To address this challenge, researchers from Yandex Research, IST
Austria, KAUST, and NeuralMagic developed two compression methods — Additive
Quantization for Language Models (AQLM) and PV-Tuning. AQLM reduces the bit
count per model parameter to 2–3 bits while preserving or even enhancing model
accuracy, particularly in extreme compression scenarios. PV-Tuning is a
representation-agnostic framework that generalizes and improves upon existing
fine-tuning strategies.
AQLM's key innovations include learned additive quantization of weight
matrices, which adapts to input variability and joint optimization of codebook
parameters across layer blocks. This dual strategy enables AQLM to outperform
other compression techniques, setting new benchmarks in the field.

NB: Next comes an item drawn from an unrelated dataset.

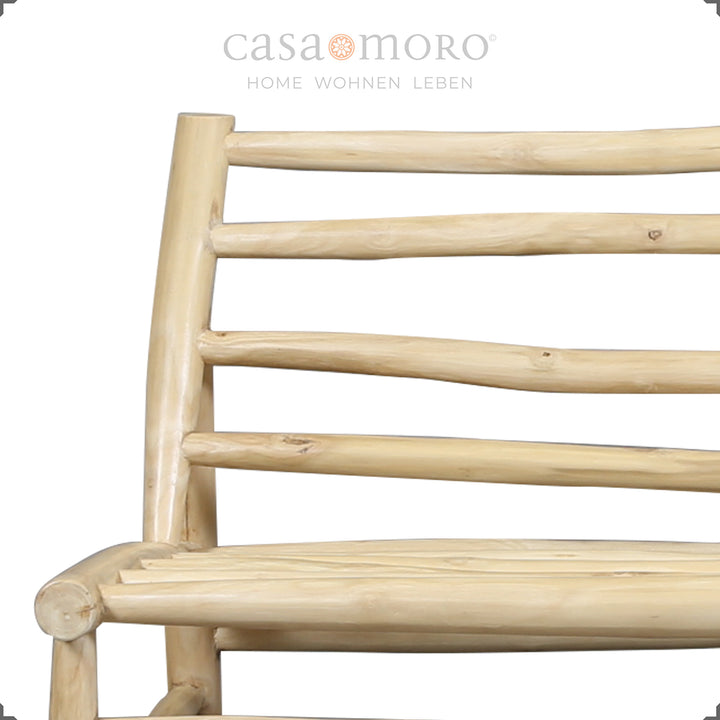 Teak tre-personers sofa 180 × 86 × 72 cm, stel af naturtræ med sæde- og rygpuder
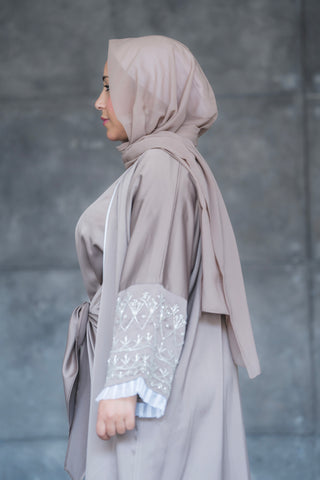 MENNA DUBAI NUDE EMBROIDED 2 PIECES ABYAYA CODE003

AQLM's practicality is demonstrated by its implementations on GPU and
CPU architectures, making it suitable for real-world applications. Comparative
analysis shows that AQLM can achieve extreme compression without compromising
model performance, as evidenced by its superior results in metrics like model
perplexity and accuracy in zero-shot tasks.
PV-Tuning provides convergence guarantees in restricted cases, and has
been shown to outperform previous methods when used for 1-2 bit vector
quantization on highly-performant models such as Llama and Mistral. By
leveraging PV-Tuning, the researchers achieved the first Pareto-optimal
quantization for Llama 2 models at 2 bits per parameter.
The effectiveness of the methods was rigorously assessed using popular
open-source models such as LLama 2, Mistral, and Mixtral. Researchers
compressed these large language models and evaluated answer quality against
English-language benchmarks — WikiText2 and C4 — maintaining an impressive 95%
answer quality as the models were compressed by 8 times.
Model |
Number of parameters |
Relative quality of answers after compression |
LLama 2 |
7 billion |
88% |
LLama 2 |
13 billion |
97% |
LLama 2 |
70 billion |
99% |
LLama 3 |
8 billion |
92% |
LLama 3 |
70 billion |
93% |
Mistral |
8 billion |
96% |
On average, for all models in the test |
95% |
* The closer the average accuracy of answers
in tests is to the original model, the better the new methods are at preserving
the quality of answers. The figures above show the combined results of the two
methods, which compress the models by, on average, 8 times.